*Input for this task*.
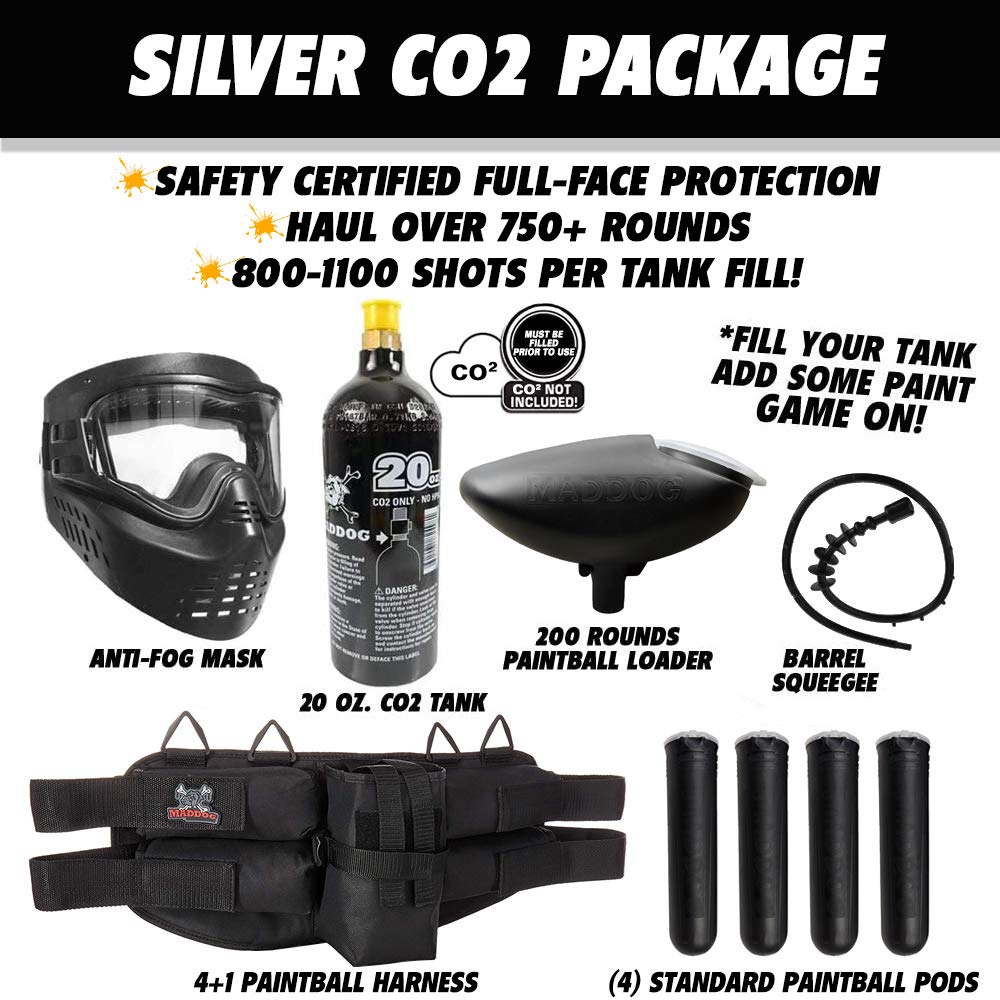Maddog Tippmann Cronus Tactical Paintball Gun Marker and Silver CO2 Accessory Starter Package | Comes with Marker, Anti-Fog Mask, Hopper, Harness, Pods, & 20oz CO2 Tank - Black/Olive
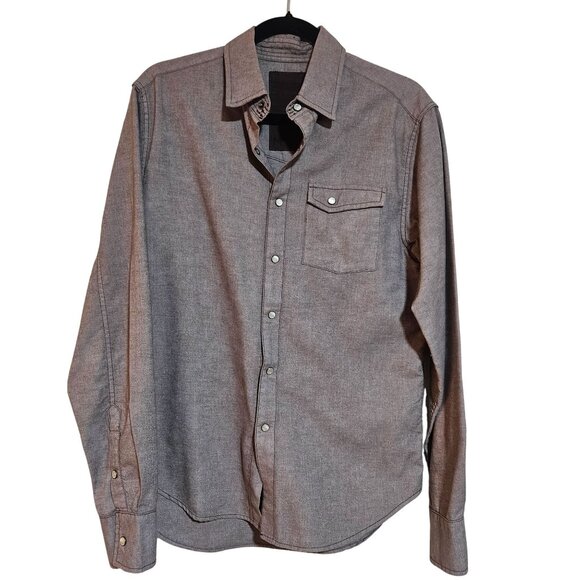 VTG Mens Casual LS Snap Pearl Button Shirt Med Taupe Work wear Normcore - Picture 3 of 14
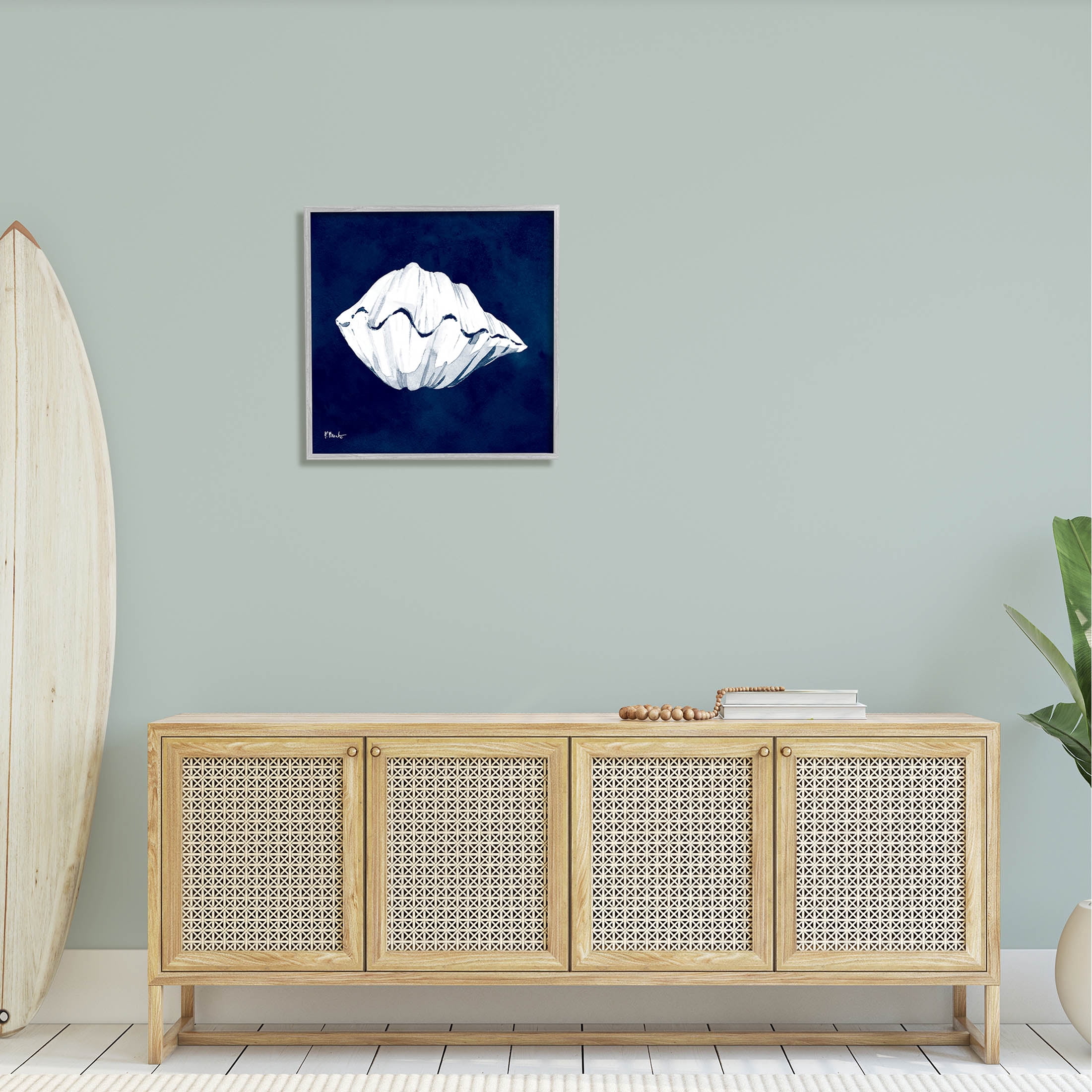 Stupell Industries Cyanotype Shells Coastal Clam Graphic Art Gray Framed Art Print Wall Art, Design by Paul Brent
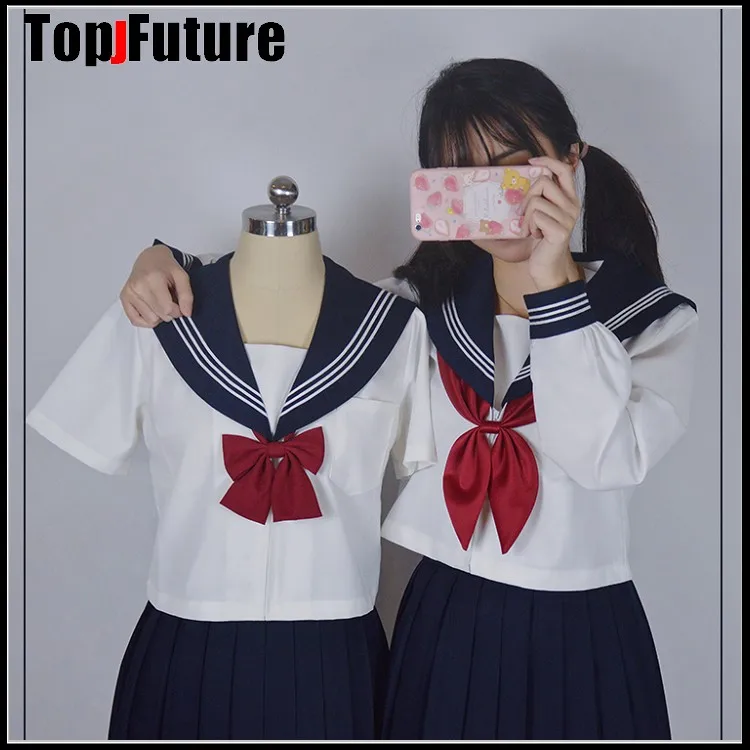 プリーツスカート付きレザドックスセーラースタイルユニフォーム,日本の学生服,jkユニフォーム,ネイビースーツ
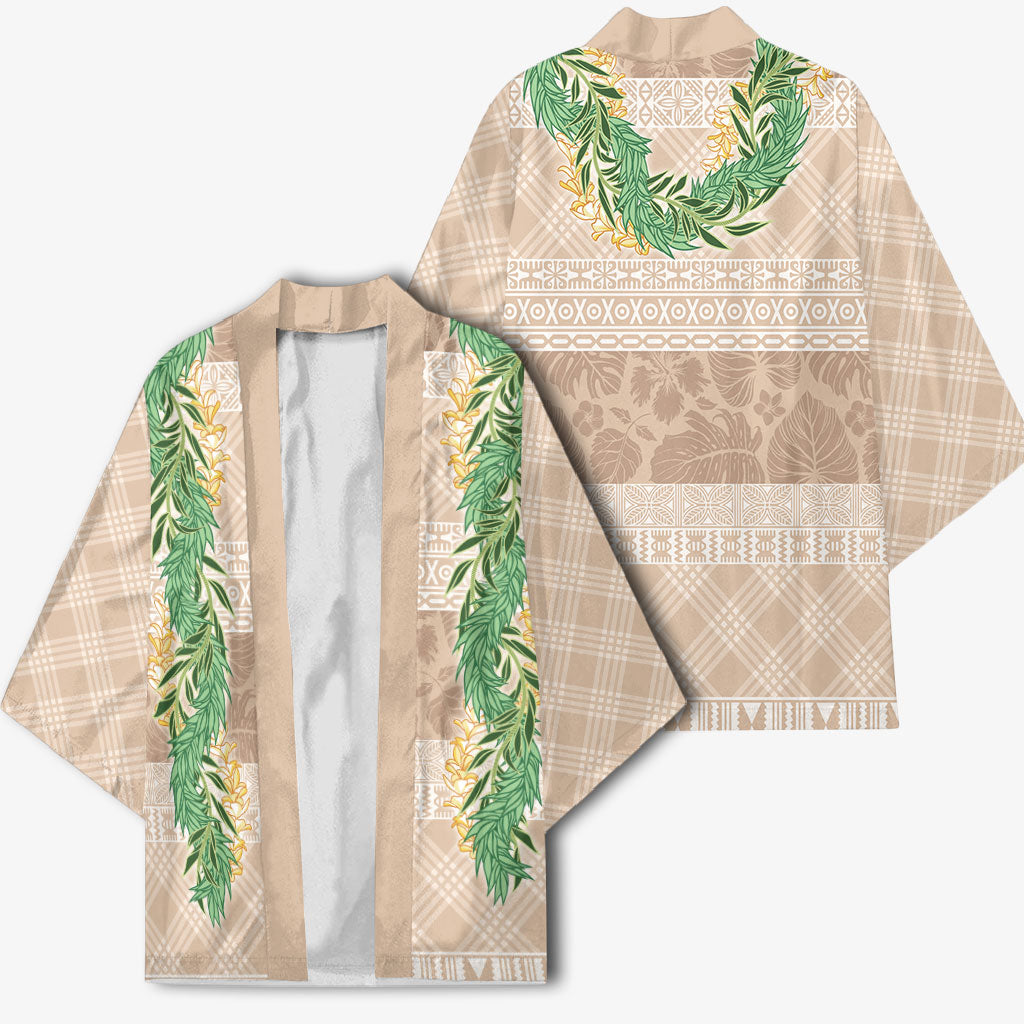 Hawai'i Paniolo Maile Twisted Lei Kimono Almond Brown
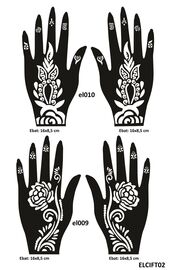 Ai̇rbrush Tattoo Güllü Desenler 4 Adet 2 Çi̇ft El Kına Kına Kalıpları Sadece Kalıp Seti̇
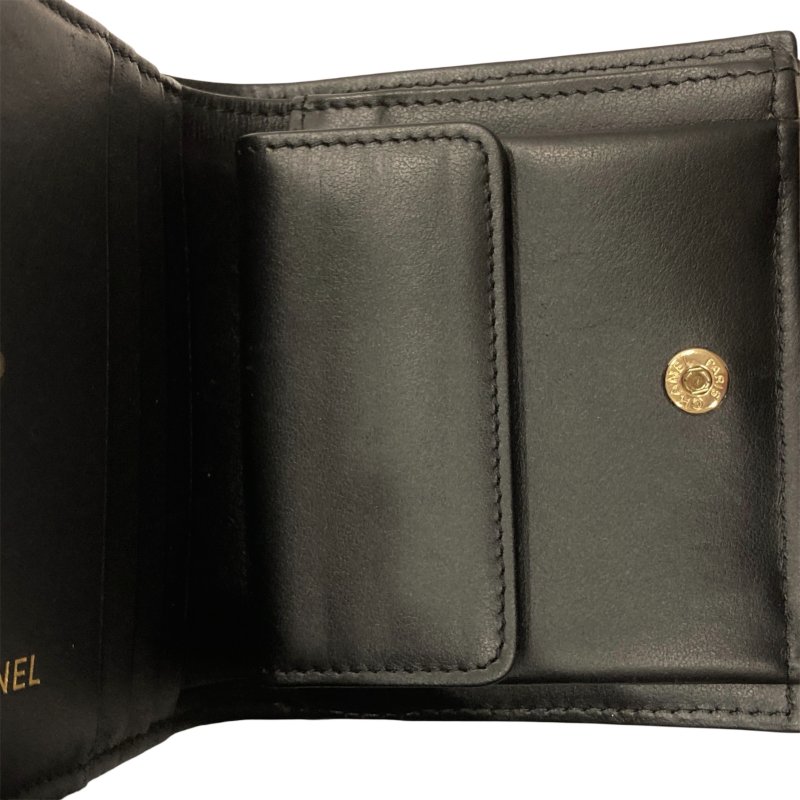 CHANEL 香奈兒 雙折短夾 牛皮 黑色 銀釦-8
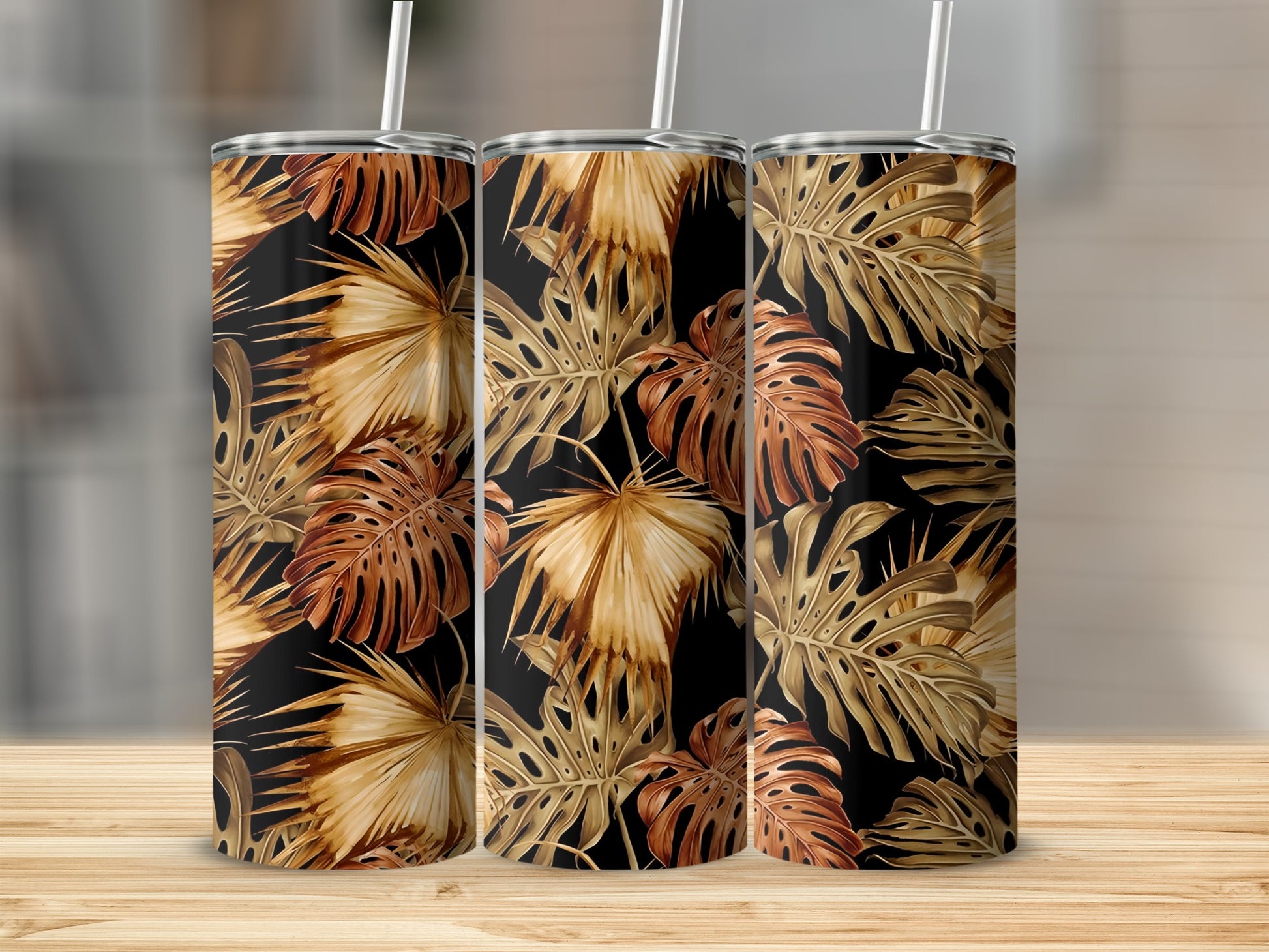 Tropical Palm Leaves Black Background Tumbler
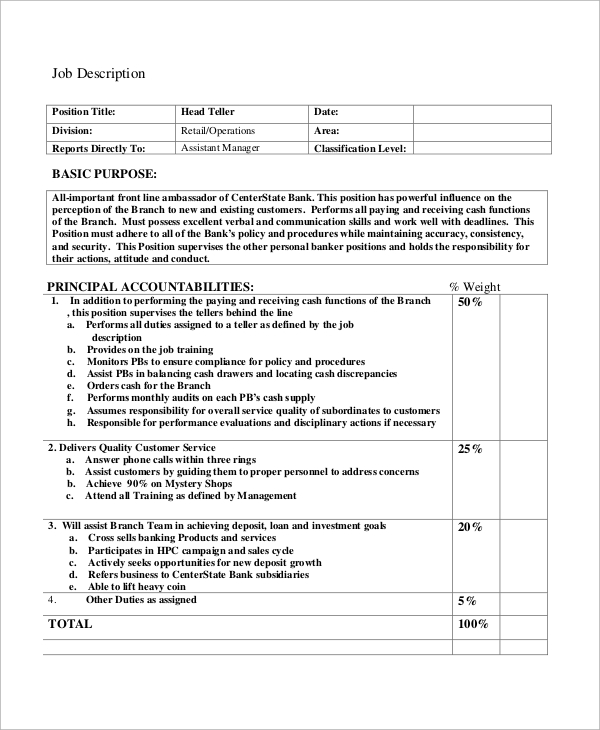 bank head teller description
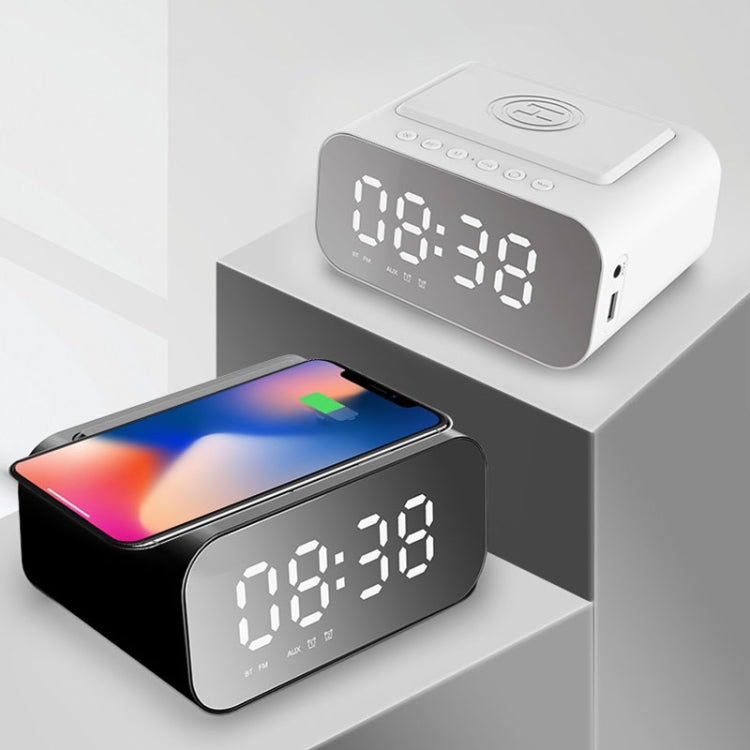 Avelena | BT510 15W LED-Uhr Drahtloses Laden Bluetooth-Lautsprecher Multifunktionaler Smart Mirror Wecker Audio (Eisen Schwarz)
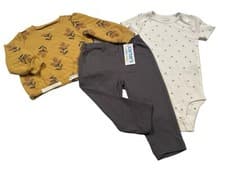 Image of Girls Outfit 3pc Size 0/3M Fall Winter Thanksgiving Carters Brand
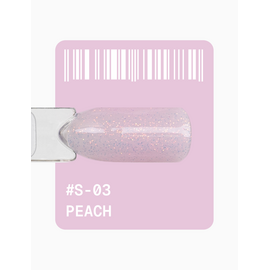 ADORE. Gel Polish, #S-03, Peach, 12 ml. Гель-лак, персиково-рожевий з молочним підтоном, з шимером — Adore Professional, NAILSMADE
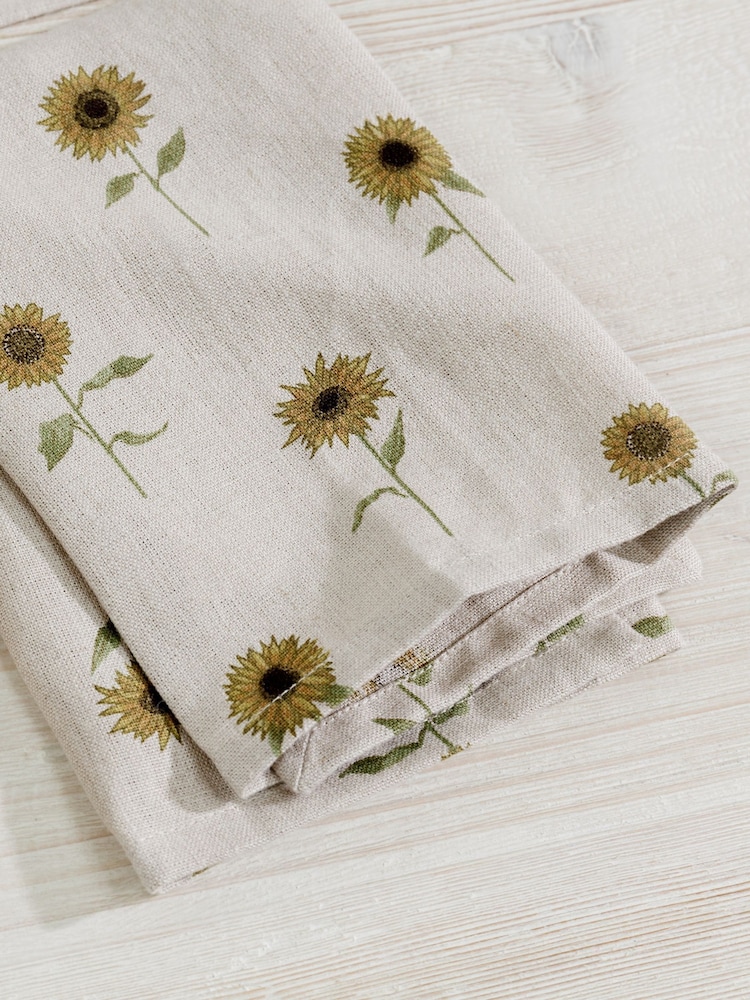 Sophie Allport Set of 4 Linen Sunflower Napkins - Imagen 2 de 3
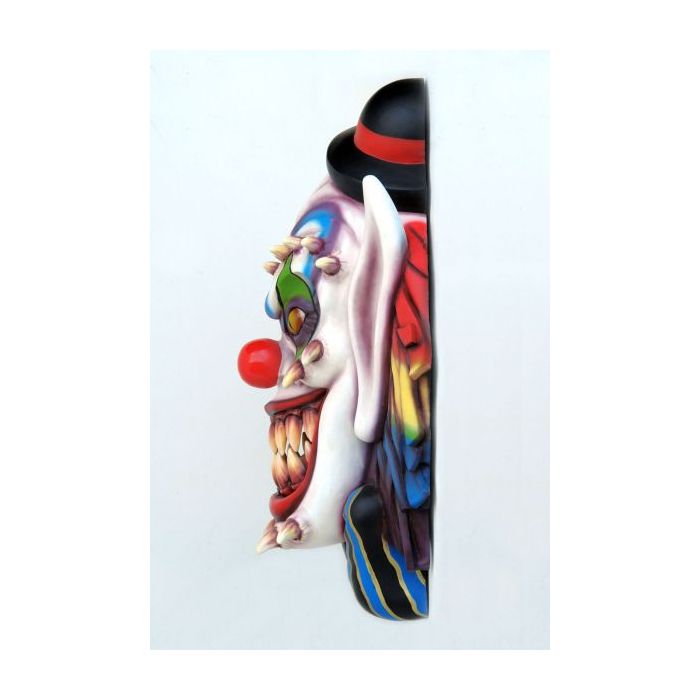 Angsteinflößende Clown Maske für Wand verkleinert Deko- & Werbefigur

*What the exercise asks*. Output the span from the line with "Hawai'i Paniolo Maile" through the last line of the data, inclusive and exact, and omit every picture.

*Your response*.
 Hawai'i Paniolo Maile Twisted Lei Kimono Almond Brown
 Ai̇rbrush Tattoo Güllü Desenler 4 Adet 2 Çi̇ft El Kına Kına Kalıpları Sadece Kalıp Seti̇
 CHANEL 香奈兒 雙折短夾 牛皮 黑色 銀釦-8
 Tropical Palm Leaves Black Background Tumbler
 bank head teller description
 Avelena | BT510 15W LED-Uhr Drahtloses Laden Bluetooth-Lautsprecher Multifunktionaler Smart Mirror Wecker Audio (Eisen Schwarz)
 Image of Girls Outfit 3pc Size 0/3M Fall Winter Thanksgiving Carters Brand
 ADORE. Gel Polish, #S-03, Peach, 12 ml. Гель-лак, персиково-рожевий з молочним підтоном, з шимером — Adore Professional, NAILSMADE
 Sophie Allport Set of 4 Linen Sunflower Napkins - Imagen 2 de 3
 Angsteinflößende Clown Maske für Wand verkleinert Deko- & Werbefigur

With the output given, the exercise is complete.